ENTRIES SUPPLIED —
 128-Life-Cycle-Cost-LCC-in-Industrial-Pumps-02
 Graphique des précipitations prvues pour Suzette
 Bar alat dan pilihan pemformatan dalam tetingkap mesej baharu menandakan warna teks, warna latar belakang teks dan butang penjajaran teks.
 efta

--

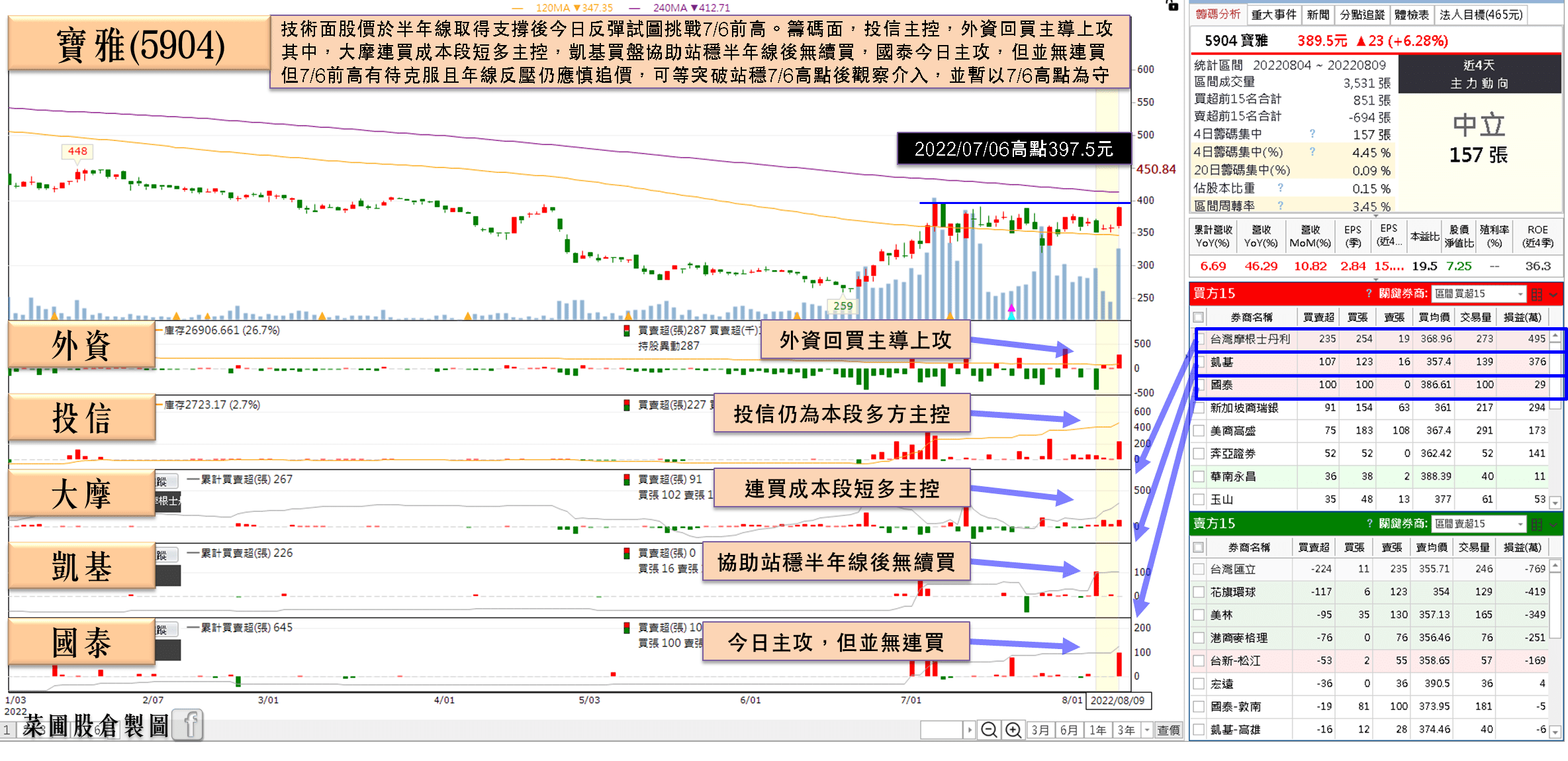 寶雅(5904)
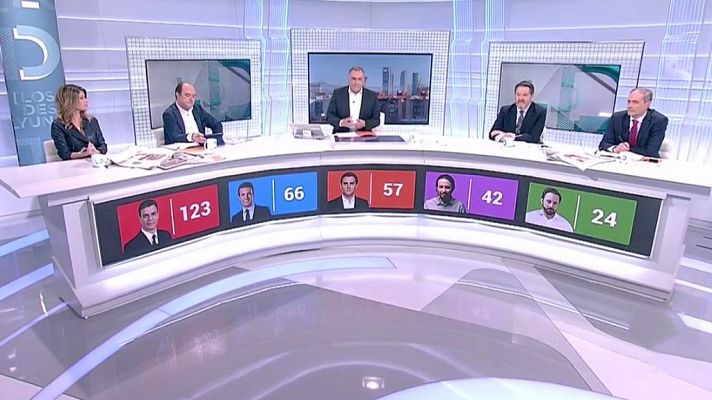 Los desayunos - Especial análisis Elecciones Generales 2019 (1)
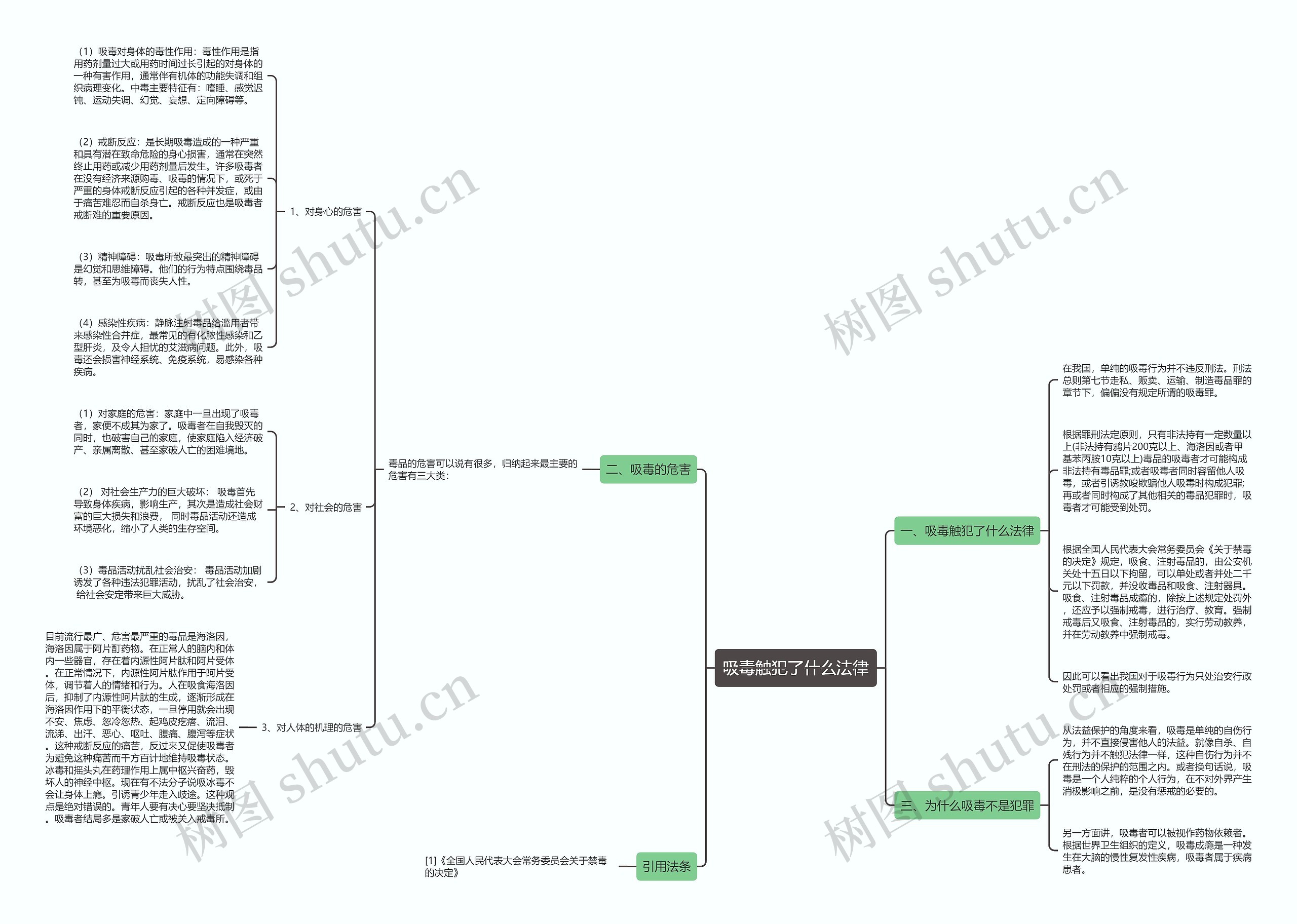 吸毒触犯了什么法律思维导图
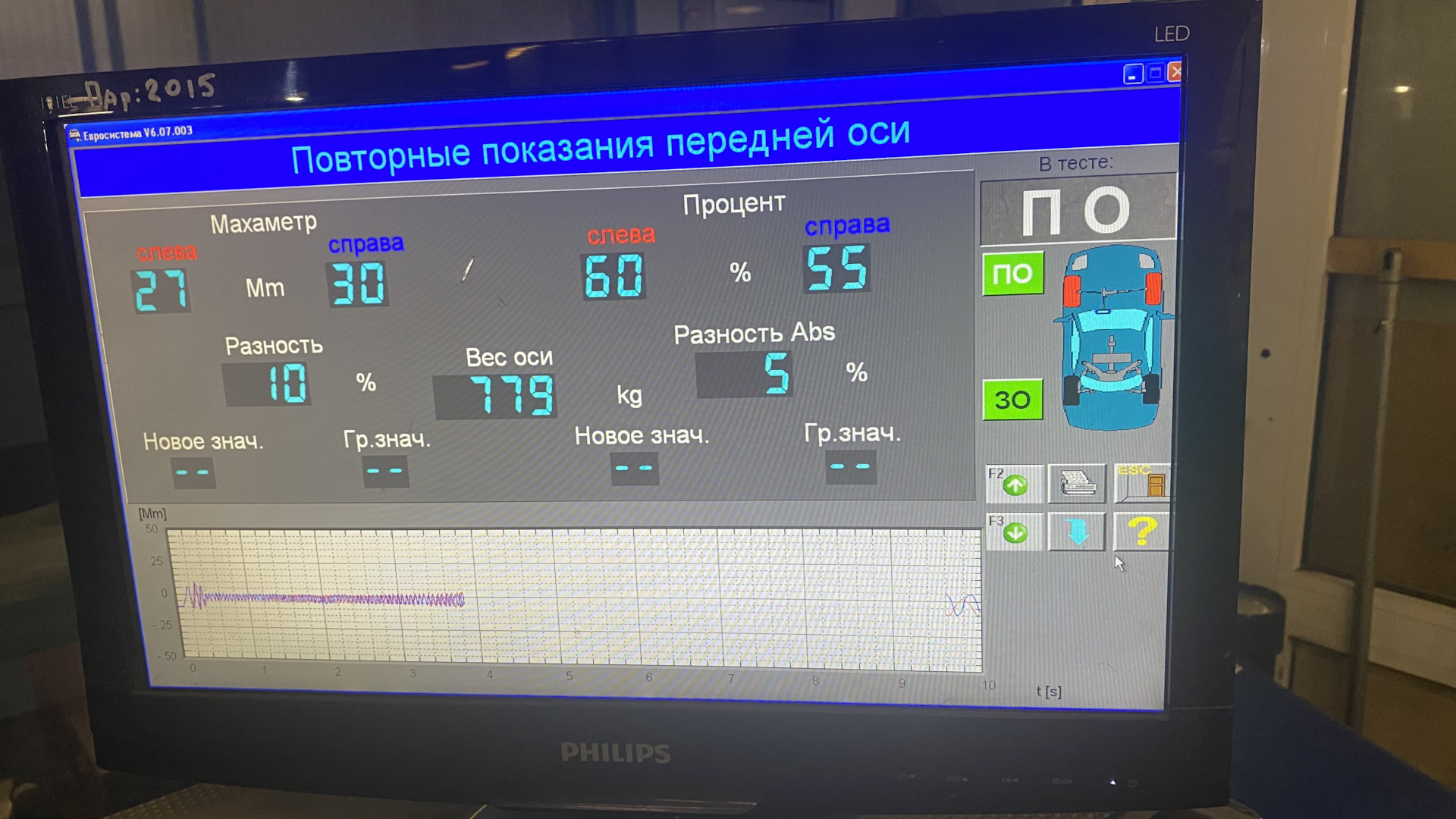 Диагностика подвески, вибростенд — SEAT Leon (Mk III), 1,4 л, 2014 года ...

HOW TO COMPLETE THIS TASK — All lines above starting at the one with "Los desayunos - Especial" and ending at the one with "Диагностика подвески, вибростенд", inclusive, are to be printed again exactly, with the pictures left out.

YOUR RESPONSE —
 Los desayunos - Especial análisis Elecciones Generales 2019 (1)
 吸毒触犯了什么法律思维导图
 Диагностика подвески, вибростенд — SEAT Leon (Mk III), 1,4 л, 2014 года ...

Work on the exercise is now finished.